三月三:戴柳斗草,纪岁祈年
三月三、二月二、五月五、六月六、七月七、九月九——我这系列写十个节日,超过一半是月日叠数的。宋兆麟等著《中国古代节日文化》说,它们只是源于“月日复数的阴阳组合。”即这些节日不像其他的有天文历法、生产生活等切实依据,除了宗教的神秘因素(道教阴阳信仰,以月日复数为吉利象征),其实就是数字相同重叠的好玩。这当中,我觉得“三月三”仅字面就特别动人,天然有一种轻俏鲜妍、丰盈清美的可爱情味。

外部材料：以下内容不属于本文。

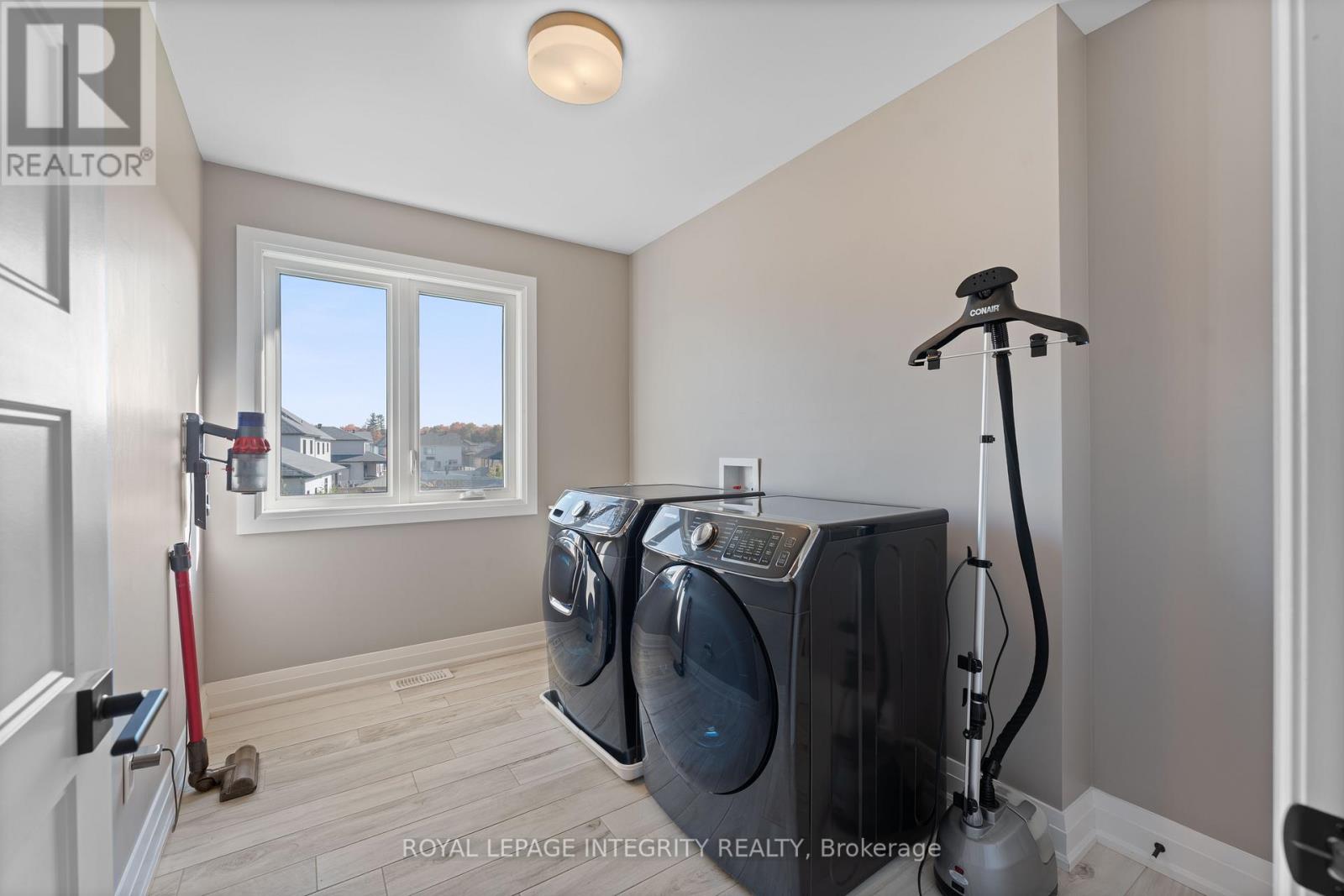 156 Lyon Street, Russell, Ontario  K0A 1W0 - Photo 25 - X12676412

关于三月三上巳节,我以前写《好春佳日:二月二·三月三》等已介绍过,现再据新买的《中国古代节日文化》和乔继堂等编《中国岁时节令辞典》,作一点提要补充:
远古先民在春天“巳”这时节,到河溪沐浴以消灾避邪,称为祓禊。最初乃巫教祈求生育的仪式,“是巫医用水疗法治愈妇女不育症的基本方式,名曰洁身洗垢,实为驱鬼求育。”由此衍生出野合之风,“会男女”甚至成为官方规定,同样发端于祈求人丁兴旺的原始信仰,故又称为求偶节。其起源可追溯到周代,《周礼》记载了女巫执掌的祓除沐浴,汉代郑玄的注指出是在农历三月上巳(上旬第一个巳日)。魏晋时,将上巳节日期固定在三月三,亦称修禊日,但原本的宗教活动发展为文娱活动,消除了求子的迷信色彩,只保留以新洁春水涤垢去病、祓除不祥之说,变成以曲水流觞、郊游饮宴为主的欢乐节日,“极视听之娱”(东晋王羲之《兰亭集序》)。到唐宋,因几个节日时间相近、游春的内容相同,上巳的踏青节等风俗被合并到寒食、清明,嬉游之况更盛。(明清以后,上巳作为节日淡出,但遗风隐约保留。如多处少数民族地区至今仍流行过三月三,虽然已加入各自的其他传说和仪式,但可谓“礼失求诸野”,参见李明天等编《海南椰文化·民俗三月三》。又如据杨宝霖先生说,老东莞人遇到不吉利的事会说一句口头禅“匹除”,就是祈福消灾的“祓除”保存在吾邑土语中。)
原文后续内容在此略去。